I’m not even talking about the NPC’s here. There are about ten playable characters, and only three of them are worth a damn. Everyone else either A) appears once and doesn’t show up til near the end B) has one or two mini plots and then contributes little, if nothing, to the rest of the plot. Only one character is exempt, and she’s useless when she shows because the main three, the three you’re stuck with the for the bulk of the game, are much stronger than her.

None of the main three are all that interesting, either. Nel, the skirt-wearing ninja redhead, is, well, just what that description suggests. She doesn’t have much of a personality or a past, she never develops. She’s what she appears to be and nothing more. Same thing with Cliff, the blonde muscle-headed Han Solo-wannabe. Oh, and Fayt Leingod, the blue-hair sword-wielding do-gooder savior of the universe? He’s even more trite than his name suggests. Yes, such a thing is possible.

The story fails; the characters fail. It could stand a chance if the battles were up to par. They aren’t.

DON’T make dungeons longer than they need to be.

Chicks dig long dungeons; this is a fact. Grueling crawls, working for every battle, finding hidden paths, opening chests, all good fun.

But there’s a fine line between ‘tough’ and ‘annoying’. Star Ocean 3 leans to the latter, dragging you through some of the most nauseating dungeons ever. Marvel at the deep, dark, repetitive caves. Wonder at the anal halls that are a pain to get in and out of because they all look the same. Spend hours and hours accomplishing nothing and then, when you luck up and find the way out, get your ass handed to you by a cheap boss!

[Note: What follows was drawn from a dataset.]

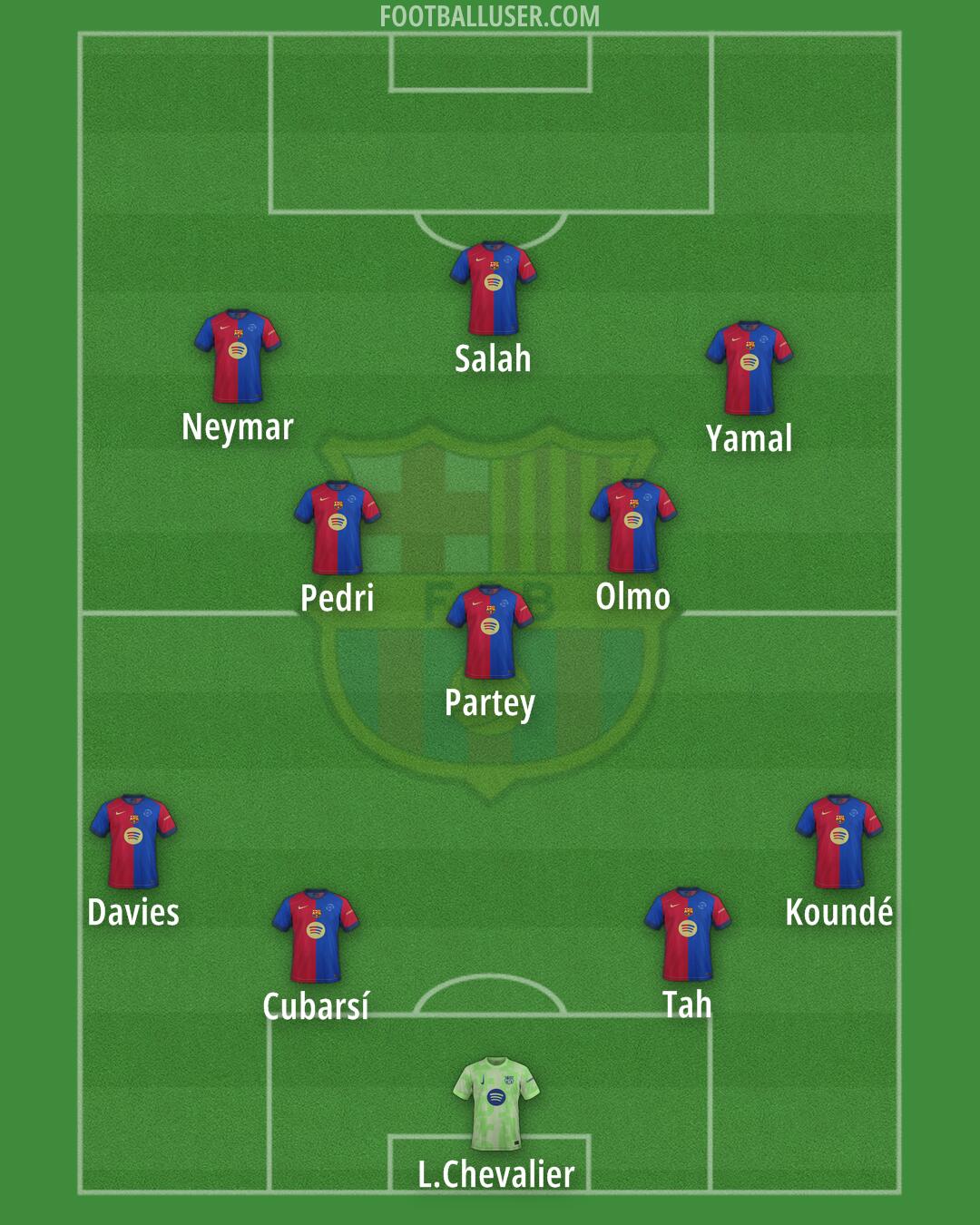 Barcelona Formation 2025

DON’T fill your sucky dungeons with sucky monsters.

Actually, that might not be fair. Rewind.

The bosses are cheap, true. They do have plenty of attacks that can just wipe you out in a single blow. They do cheese, they do abuse. But a little blame has to rest on your computer-controlled partners. It doesn’t help that they’re complete dumbasses.

See, you can only control one character at a time, and the CPU takes over the other two. Is it smart enough to attack? Yes. It is smart enough to defend? To a point, yes. But doing basic things, things like using healing items or dodging a boss’s all-range one-hit kill attack that he’s obviously charging up for, that’s just too much for them. Against a monster that requires anything reminiscent of intelligence to defeat, they’re boned.

Half of your time in battle will be spent just trying to keep them from dying. Yippee.

They screwed up the role-playing part and they screwed up the game part. What’s left?

Minigames suck. DON’T make people play them.

Oh, right.

Some of the minigames are harmless; stupid, but harmless. Like Item Synthesis; more trouble than its worth, but its there.

But the infamous Hauler minigame is a different beast. You HAVE to beat it to advance. It involves giant turtles. It involves getting them through a mine. It involves finding the right path without tiring them out or hitting a wall or getting struck by falling rocks. All of this depends on your turtle listening to your directions, which might not happen if you choose poorly (happy turtle, goofy turtle, angry turtle, etc.)

It took me five hours. Five hours to find the right turtle and navigate the maze without crazing. Five hours staring at a turtle’s ass. And they say videogames shouldn’t make you cry.

What really boggles me about this game is that the same guys responsible went on to make Radiata Stories. This game and that game are similar in key ways, the major difference being that Radiata Stories doesn’t suck.

Let’s just call Star Ocean 3 a test run and leave it at that, eh?